Directions for this task -
Below are the entries. Transcribe exactly the lines from the one with "As soon as you" through the one with "The next thing", ends included, and leave out all others.

[Stored data]
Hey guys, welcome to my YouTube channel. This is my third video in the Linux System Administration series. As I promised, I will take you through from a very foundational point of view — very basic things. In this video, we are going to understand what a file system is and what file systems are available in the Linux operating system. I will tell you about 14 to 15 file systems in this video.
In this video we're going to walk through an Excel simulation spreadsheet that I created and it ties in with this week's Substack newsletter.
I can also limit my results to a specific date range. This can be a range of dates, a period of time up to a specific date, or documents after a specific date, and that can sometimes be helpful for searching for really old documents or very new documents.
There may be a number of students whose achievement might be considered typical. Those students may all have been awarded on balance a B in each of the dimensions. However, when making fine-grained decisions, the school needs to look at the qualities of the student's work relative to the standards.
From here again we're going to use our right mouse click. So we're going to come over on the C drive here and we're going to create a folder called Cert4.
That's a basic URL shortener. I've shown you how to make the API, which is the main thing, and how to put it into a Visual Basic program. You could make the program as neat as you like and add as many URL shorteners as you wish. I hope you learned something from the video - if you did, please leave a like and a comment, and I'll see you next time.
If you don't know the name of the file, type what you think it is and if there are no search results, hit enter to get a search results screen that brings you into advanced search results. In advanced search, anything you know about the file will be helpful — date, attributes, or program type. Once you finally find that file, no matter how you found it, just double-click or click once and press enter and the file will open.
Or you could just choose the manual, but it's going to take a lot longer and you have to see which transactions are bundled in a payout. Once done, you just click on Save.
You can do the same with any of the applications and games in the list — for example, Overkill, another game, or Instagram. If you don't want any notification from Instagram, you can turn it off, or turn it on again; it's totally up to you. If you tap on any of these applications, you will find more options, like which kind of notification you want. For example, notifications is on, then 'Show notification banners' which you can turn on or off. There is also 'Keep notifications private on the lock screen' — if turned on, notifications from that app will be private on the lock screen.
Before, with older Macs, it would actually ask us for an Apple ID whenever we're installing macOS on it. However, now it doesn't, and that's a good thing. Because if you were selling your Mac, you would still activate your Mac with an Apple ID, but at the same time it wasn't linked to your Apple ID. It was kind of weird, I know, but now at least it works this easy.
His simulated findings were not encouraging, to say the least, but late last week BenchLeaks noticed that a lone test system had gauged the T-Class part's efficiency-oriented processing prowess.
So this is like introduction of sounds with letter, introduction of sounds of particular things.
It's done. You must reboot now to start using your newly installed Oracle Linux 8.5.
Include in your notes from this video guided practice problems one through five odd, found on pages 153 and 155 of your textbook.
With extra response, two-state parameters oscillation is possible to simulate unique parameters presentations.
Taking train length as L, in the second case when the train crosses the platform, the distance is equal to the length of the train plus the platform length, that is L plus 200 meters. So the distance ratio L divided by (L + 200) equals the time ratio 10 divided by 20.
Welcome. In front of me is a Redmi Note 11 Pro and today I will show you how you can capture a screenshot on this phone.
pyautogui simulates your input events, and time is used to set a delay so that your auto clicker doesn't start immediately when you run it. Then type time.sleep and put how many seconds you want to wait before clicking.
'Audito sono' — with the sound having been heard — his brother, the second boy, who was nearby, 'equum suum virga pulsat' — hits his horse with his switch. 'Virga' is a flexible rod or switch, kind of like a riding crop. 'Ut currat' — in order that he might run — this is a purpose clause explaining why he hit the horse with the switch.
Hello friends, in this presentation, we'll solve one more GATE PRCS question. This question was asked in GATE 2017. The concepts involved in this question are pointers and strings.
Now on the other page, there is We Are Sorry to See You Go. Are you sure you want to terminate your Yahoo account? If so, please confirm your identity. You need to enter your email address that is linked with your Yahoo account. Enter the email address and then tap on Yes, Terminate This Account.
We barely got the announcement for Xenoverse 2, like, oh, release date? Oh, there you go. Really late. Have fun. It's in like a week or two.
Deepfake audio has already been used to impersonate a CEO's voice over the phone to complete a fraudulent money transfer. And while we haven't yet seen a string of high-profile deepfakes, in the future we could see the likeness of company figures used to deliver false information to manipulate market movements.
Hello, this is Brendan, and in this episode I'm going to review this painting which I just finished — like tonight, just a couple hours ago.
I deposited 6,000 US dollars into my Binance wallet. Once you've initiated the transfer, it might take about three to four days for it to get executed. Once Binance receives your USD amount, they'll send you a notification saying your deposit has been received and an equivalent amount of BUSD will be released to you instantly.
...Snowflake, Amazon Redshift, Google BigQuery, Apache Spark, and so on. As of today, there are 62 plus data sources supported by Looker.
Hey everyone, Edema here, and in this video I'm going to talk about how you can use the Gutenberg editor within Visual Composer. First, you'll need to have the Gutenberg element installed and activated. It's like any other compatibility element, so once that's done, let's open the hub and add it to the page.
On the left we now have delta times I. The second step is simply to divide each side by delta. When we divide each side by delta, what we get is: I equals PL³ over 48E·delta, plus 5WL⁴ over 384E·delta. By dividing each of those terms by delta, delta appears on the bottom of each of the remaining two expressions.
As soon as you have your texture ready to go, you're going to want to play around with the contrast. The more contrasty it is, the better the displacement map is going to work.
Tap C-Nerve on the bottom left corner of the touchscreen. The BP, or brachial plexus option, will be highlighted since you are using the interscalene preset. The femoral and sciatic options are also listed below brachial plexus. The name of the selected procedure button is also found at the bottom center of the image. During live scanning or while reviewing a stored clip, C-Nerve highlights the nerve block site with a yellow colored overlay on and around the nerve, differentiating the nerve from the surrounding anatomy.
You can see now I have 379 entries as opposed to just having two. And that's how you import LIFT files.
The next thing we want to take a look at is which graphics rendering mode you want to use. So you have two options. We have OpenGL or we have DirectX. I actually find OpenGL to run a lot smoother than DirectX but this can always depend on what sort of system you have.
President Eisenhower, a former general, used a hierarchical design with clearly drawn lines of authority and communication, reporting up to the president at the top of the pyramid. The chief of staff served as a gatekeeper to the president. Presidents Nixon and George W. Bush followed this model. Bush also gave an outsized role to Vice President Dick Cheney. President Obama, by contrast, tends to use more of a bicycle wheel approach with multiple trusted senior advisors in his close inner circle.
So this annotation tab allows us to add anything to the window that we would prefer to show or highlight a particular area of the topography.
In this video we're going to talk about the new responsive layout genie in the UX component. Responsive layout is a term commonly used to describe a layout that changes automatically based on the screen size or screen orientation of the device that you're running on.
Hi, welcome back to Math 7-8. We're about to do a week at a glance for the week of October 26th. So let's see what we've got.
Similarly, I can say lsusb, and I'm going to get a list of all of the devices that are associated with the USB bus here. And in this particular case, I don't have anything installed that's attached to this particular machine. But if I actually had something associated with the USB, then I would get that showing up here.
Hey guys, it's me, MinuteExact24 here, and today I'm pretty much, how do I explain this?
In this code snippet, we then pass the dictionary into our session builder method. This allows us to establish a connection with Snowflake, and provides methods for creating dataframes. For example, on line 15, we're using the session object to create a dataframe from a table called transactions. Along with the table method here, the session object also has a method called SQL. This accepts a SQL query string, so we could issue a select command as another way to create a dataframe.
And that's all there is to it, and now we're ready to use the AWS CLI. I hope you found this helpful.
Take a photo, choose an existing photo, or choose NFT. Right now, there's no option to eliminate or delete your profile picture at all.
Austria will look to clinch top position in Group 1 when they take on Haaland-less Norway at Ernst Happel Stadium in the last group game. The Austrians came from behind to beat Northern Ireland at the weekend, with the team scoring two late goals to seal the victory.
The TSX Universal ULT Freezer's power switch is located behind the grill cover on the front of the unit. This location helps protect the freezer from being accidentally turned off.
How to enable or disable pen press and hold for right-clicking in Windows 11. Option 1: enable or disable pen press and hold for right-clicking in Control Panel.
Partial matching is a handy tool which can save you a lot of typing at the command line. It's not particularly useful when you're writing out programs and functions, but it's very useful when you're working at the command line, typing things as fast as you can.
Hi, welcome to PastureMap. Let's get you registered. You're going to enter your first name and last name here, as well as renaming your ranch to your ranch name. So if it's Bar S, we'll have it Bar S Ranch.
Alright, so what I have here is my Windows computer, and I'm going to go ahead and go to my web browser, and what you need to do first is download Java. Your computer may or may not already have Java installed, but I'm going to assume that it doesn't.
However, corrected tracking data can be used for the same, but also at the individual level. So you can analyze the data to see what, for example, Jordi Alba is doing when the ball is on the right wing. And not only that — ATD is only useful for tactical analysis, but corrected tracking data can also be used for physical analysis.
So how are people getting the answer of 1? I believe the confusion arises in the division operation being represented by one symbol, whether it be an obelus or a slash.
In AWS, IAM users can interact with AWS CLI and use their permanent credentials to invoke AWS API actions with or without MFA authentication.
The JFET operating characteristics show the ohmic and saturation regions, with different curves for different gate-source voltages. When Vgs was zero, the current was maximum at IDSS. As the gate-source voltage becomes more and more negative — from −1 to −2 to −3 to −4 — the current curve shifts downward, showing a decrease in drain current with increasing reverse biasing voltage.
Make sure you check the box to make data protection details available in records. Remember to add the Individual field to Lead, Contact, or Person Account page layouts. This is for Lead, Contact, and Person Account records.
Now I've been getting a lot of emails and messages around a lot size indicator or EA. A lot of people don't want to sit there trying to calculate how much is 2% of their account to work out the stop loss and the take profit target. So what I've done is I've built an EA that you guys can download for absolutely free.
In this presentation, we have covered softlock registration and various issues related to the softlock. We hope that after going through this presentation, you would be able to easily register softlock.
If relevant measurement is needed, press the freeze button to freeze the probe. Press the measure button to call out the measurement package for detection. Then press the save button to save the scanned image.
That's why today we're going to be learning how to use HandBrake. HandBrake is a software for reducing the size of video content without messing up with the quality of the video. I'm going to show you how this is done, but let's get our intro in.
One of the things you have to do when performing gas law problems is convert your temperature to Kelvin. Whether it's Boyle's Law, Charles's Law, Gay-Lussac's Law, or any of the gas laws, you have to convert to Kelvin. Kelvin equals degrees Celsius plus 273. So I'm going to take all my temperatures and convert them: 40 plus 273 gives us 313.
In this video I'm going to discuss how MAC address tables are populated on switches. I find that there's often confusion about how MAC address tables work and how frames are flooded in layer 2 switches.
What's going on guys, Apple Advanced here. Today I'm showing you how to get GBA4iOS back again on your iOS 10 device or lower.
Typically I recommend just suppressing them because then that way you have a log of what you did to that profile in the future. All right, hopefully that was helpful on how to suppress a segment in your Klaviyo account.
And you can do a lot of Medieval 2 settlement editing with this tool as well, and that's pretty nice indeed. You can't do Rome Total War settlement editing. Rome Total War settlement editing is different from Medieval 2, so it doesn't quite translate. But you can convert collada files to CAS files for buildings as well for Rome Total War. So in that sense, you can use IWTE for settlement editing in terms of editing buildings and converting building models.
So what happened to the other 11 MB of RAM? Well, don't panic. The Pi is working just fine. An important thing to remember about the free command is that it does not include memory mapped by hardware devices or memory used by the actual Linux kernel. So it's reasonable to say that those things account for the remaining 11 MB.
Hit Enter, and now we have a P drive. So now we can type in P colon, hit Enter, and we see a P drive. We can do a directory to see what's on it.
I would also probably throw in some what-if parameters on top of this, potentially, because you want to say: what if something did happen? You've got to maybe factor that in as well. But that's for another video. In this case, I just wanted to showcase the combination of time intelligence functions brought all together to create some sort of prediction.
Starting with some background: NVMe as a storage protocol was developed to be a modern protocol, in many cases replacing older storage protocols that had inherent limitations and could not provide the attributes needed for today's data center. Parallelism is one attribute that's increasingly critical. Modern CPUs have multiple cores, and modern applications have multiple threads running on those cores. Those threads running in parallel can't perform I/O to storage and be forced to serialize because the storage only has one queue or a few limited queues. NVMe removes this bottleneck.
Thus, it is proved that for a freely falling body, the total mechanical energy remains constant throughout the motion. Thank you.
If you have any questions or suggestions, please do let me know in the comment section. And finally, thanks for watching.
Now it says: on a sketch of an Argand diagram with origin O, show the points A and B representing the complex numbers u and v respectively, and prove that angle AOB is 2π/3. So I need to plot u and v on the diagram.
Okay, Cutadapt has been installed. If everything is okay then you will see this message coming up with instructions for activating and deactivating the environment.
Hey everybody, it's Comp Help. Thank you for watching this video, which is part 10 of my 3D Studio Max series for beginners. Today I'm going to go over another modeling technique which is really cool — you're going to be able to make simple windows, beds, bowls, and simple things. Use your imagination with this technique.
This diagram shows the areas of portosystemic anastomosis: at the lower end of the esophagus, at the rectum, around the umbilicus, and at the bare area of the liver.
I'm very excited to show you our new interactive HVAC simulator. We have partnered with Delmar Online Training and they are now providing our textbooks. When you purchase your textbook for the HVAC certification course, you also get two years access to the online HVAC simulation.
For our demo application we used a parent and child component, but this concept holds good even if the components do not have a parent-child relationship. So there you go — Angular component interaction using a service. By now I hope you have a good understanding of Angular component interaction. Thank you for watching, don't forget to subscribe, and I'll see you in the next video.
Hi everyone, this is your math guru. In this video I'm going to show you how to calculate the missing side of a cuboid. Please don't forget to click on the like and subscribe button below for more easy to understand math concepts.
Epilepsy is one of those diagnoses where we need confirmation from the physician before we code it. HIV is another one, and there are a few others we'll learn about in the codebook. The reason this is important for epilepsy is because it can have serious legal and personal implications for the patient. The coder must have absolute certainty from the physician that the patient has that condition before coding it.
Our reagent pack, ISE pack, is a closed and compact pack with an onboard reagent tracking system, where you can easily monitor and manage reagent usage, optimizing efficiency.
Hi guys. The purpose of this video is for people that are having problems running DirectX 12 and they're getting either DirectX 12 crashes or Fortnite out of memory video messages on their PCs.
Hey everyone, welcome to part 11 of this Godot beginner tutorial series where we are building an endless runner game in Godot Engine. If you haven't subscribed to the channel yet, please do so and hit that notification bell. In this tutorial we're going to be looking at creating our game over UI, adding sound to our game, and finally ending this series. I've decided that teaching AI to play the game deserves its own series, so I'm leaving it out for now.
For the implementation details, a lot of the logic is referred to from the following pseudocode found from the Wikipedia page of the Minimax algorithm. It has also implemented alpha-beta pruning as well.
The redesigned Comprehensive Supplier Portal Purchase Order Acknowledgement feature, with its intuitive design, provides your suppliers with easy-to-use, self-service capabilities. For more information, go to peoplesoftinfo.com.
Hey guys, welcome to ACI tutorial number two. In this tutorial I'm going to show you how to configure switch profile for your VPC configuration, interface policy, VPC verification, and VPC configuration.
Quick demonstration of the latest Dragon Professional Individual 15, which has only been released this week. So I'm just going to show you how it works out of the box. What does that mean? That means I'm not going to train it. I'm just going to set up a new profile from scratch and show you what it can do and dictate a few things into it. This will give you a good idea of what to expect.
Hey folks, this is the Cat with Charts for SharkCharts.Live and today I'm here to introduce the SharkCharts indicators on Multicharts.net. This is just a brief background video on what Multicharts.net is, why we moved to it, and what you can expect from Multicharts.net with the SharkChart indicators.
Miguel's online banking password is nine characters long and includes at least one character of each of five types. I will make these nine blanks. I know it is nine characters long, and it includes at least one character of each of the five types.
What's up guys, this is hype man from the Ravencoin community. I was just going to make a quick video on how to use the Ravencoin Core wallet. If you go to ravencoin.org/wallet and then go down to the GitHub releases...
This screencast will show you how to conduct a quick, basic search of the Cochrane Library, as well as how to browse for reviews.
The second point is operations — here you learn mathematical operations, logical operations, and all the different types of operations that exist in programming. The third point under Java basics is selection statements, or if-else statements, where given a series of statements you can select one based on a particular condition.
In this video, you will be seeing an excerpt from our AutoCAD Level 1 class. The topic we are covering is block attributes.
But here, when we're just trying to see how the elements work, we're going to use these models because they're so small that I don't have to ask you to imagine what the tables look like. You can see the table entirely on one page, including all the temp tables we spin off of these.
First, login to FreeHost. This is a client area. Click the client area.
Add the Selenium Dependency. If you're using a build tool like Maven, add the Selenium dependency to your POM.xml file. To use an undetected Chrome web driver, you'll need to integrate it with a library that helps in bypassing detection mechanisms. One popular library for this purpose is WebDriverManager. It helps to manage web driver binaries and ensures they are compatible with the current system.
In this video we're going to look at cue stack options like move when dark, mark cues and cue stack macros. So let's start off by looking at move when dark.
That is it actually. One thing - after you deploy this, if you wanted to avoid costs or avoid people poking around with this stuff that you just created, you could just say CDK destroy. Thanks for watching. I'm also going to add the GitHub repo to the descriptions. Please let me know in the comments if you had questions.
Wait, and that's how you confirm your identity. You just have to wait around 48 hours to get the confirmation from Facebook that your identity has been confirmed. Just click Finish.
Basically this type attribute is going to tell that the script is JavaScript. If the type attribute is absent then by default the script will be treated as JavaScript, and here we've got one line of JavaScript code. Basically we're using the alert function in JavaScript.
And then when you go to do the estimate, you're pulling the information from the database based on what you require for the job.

Task result -
As soon as you have your texture ready to go, you're going to want to play around with the contrast. The more contrasty it is, the better the displacement map is going to work.
Tap C-Nerve on the bottom left corner of the touchscreen. The BP, or brachial plexus option, will be highlighted since you are using the interscalene preset. The femoral and sciatic options are also listed below brachial plexus. The name of the selected procedure button is also found at the bottom center of the image. During live scanning or while reviewing a stored clip, C-Nerve highlights the nerve block site with a yellow colored overlay on and around the nerve, differentiating the nerve from the surrounding anatomy.
You can see now I have 379 entries as opposed to just having two. And that's how you import LIFT files.
The next thing we want to take a look at is which graphics rendering mode you want to use. So you have two options. We have OpenGL or we have DirectX. I actually find OpenGL to run a lot smoother than DirectX but this can always depend on what sort of system you have.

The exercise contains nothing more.